The Secret of Ella and Micha is frustrating in that it has the potential to be so much more.  The issues raised are interesting, the family dynamics curious and the gorgeous best friend, desperately worried for his neighbour should be breath-takingly romantic.  But this is New Adult, people, and so rather than focus on the aforementioned plot points, The Secret of Ella and Micha focuses largely on sex.  Now sex scenes are fun, hell, more books should have them, but New Adult as a genre seems to use sex instead of storyline, regularly mixing it into stories in which the girls are damaged and the boys are lined up to convince them that therapy won’t work as well as a good dicking.  Certainly, consensual sex has a role in these storylines, with Ella and Micha it certainly represents her starting to overcome some issues, but the way in which the men in NA push their desire onto the women is, quite frankly, a bit icky – I don’t care how gorgeous they are. 
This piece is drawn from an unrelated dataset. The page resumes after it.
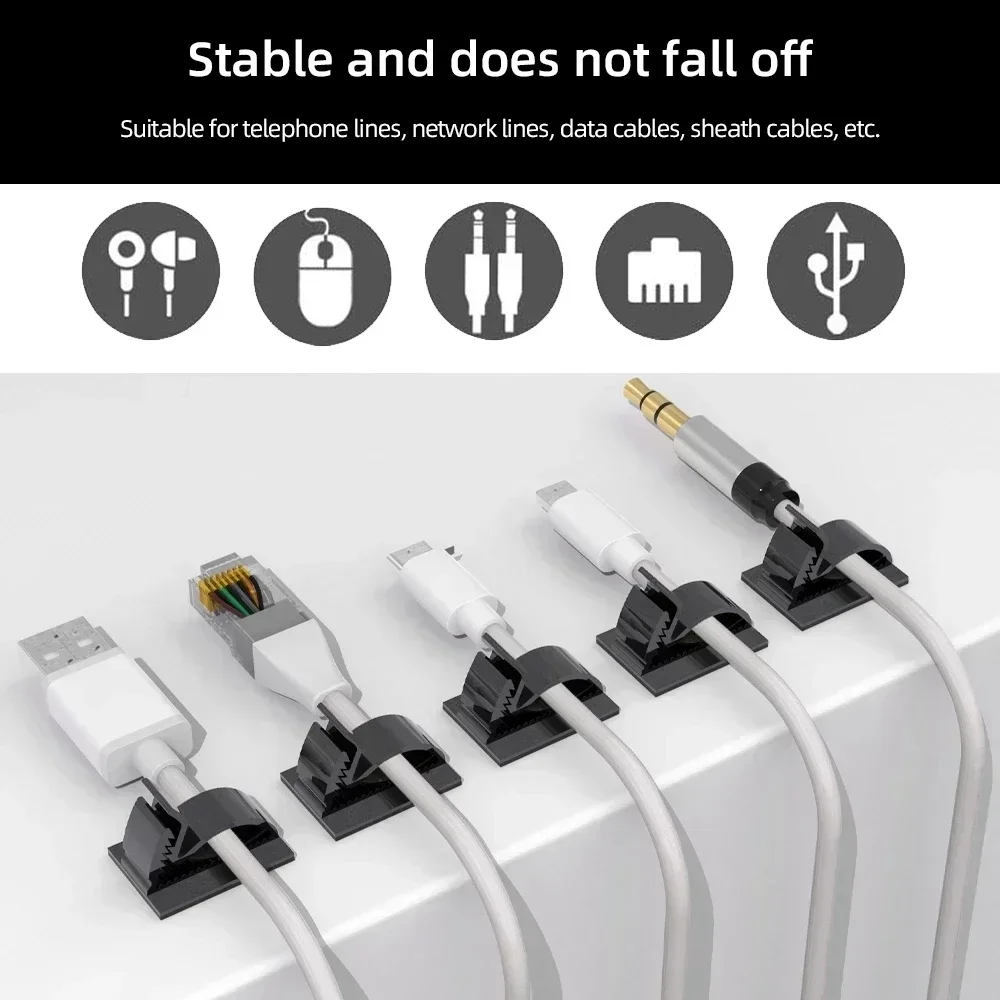 50/20/10PCS Self Adhesive Cable Management Organizer Clips Adjustable Desk Tidy Wire Cord Fixer Fastener Clips For Home Office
This isn’t the first NA book that has disappointed me. I keep reading the genre in the hope that one will appear that will illustrate to actual New Adults (whatever they are) that the start of your adult life isn’t necessarily filled with trauma and sexual manipulation.  Thus far, the best New Adult books I’ve read haven’t been published under that particular genre label but rather remained in the YA bracket.  Both Where She Went by Gayle Forman and Lovely, Dark and Deep by Amy McNamara look at issues surrounding a troubled past and an uncertain future, both feature protagonists in their late teens/early twenties and both feature sex; both, critically, handle it all far better than anything on the NA shelves, including, sadly,The Secret of Ella and Micha.

Comments

Donna (Bites) said…
This is more disturbing than I thought.